Ed in mancanza di cose concrete che unanimemente tutti continuano a chiedere, a cominciare dall’abolizione dei privilegi dei politici e della casta istituzionale, la neotalebana Boldrini, invece di fermare i ladri che dalla Camera escono con le buste piene di spesa pagati dai contribuenti mentre restano al palo i provvedimenti che tagliano prebende, privilegi e stipendi dei deputati, che fa? Attacca i giornalisti che gli fanno giustamente le bucce e promuove la crociata ridicola della guerra alle vestigia del ventennio nel momento in cui presa da un “delirium tremens” senza precedenti, liquida il barbaro assassinio di una dozzina di migranti cristiani gettati in acqua da altri disperati musulmani pronti a sbarcare sulle nostre coste, come una strage maturata in ”assenza di dibattito teologico”.

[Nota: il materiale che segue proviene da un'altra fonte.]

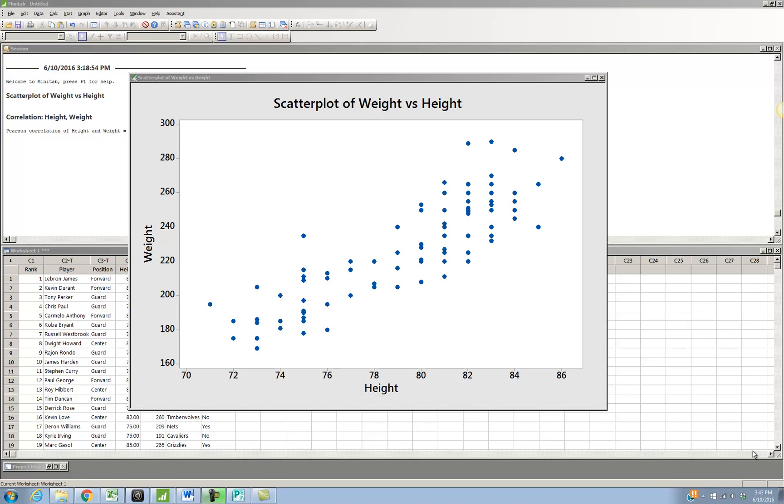Hi class. I'm back in Minitab and I'm going to show you an interesting thing that you can do in Minitab to add an extra piece of information to your scatterplot.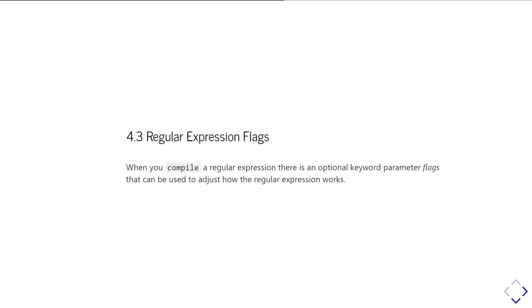In this part of the unit, we're going to look at another way we can control how regular expressions are working for us, and we're going to look at what are called the regular expression flags. When we use the compile function from the RE module to compile a regular expression, it takes an optional keyword parameter flags that can be used to adjust exactly how those regular expressions are being compiled and how they're going to work.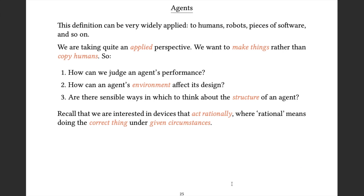That's a very wide definition and can be applied to an awful lot of different things. But it begs two immediate questions, because we want to be scientific about this. We want to think in terms of how we would judge the performance of an agent if we design one, and what's also significant is the environment that it has to operate in. By thinking about these things, we end up with a standardized structure for talking about programming or constructing agents.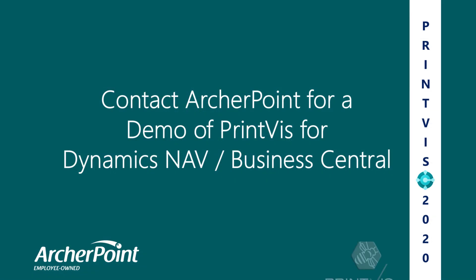For more information or a demo of 2020 highlights, contact ArcherPoint. We'd be happy to show you.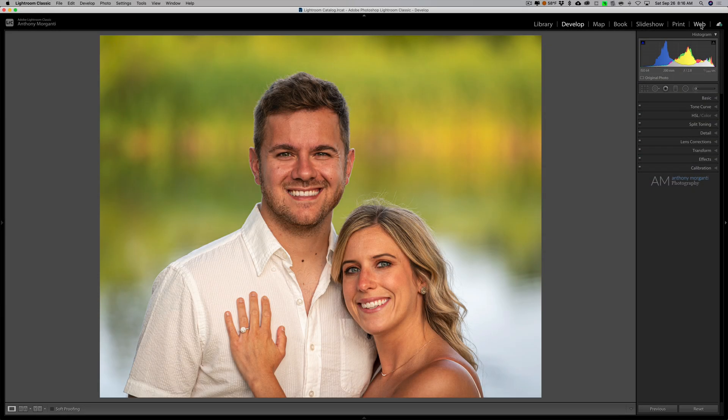Hey guys, this is Anthony Morganti, I am MrPhotographer.com. A few days ago I did an introductory video on On One Portrait AI, and in that video I mentioned that in a few days I'd do another video where I'd explore some more features of the application. If you haven't seen that video, I'll have it linked in the description below. Also in that video I mentioned that if anyone had questions about On One Portrait AI, feel free to ask them and I'd do my best to answer them in this video.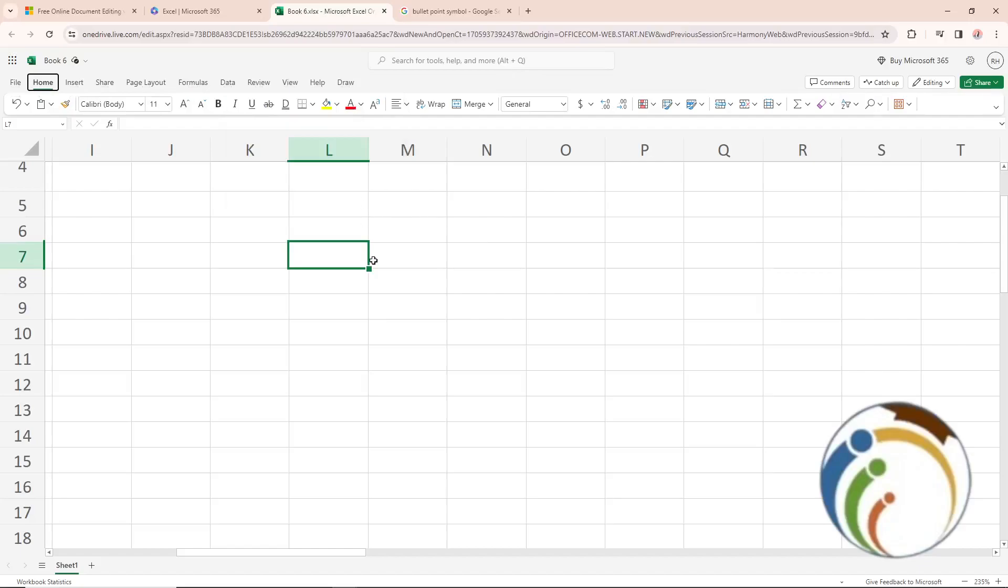Hello guys, today I'm going to show you how you can add bullet points on this sheet. So let's get started on this video and see how we can do it together right now.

Ma come si sa la presidente, sul tema dei flussi migratori di clandestini ha le idee chiare. Micidiali ma chiare. L’importante per lei è che si aprano le porte a tutti, indiscriminatamente e senza regole, anche a quanti, non tanto in nome della sofferenza ma soprattutto del proprio credo religioso sono pronti a fare quello che i tagliagole dell’Isis fanno in Iraq, Siria e Libia, nell’indifferenza generale dell’Europa e del mondo.
Più che geniale, divina. Così dovremmo chiamare la presidente della Camera che, a questo punto, qualcuno farebbe bene a mettere sotto tutela invitandola intanto a non dire e non fare sciocchezze in nome di quel ruolo delicato che, diciamolo, indegnamente ricopre.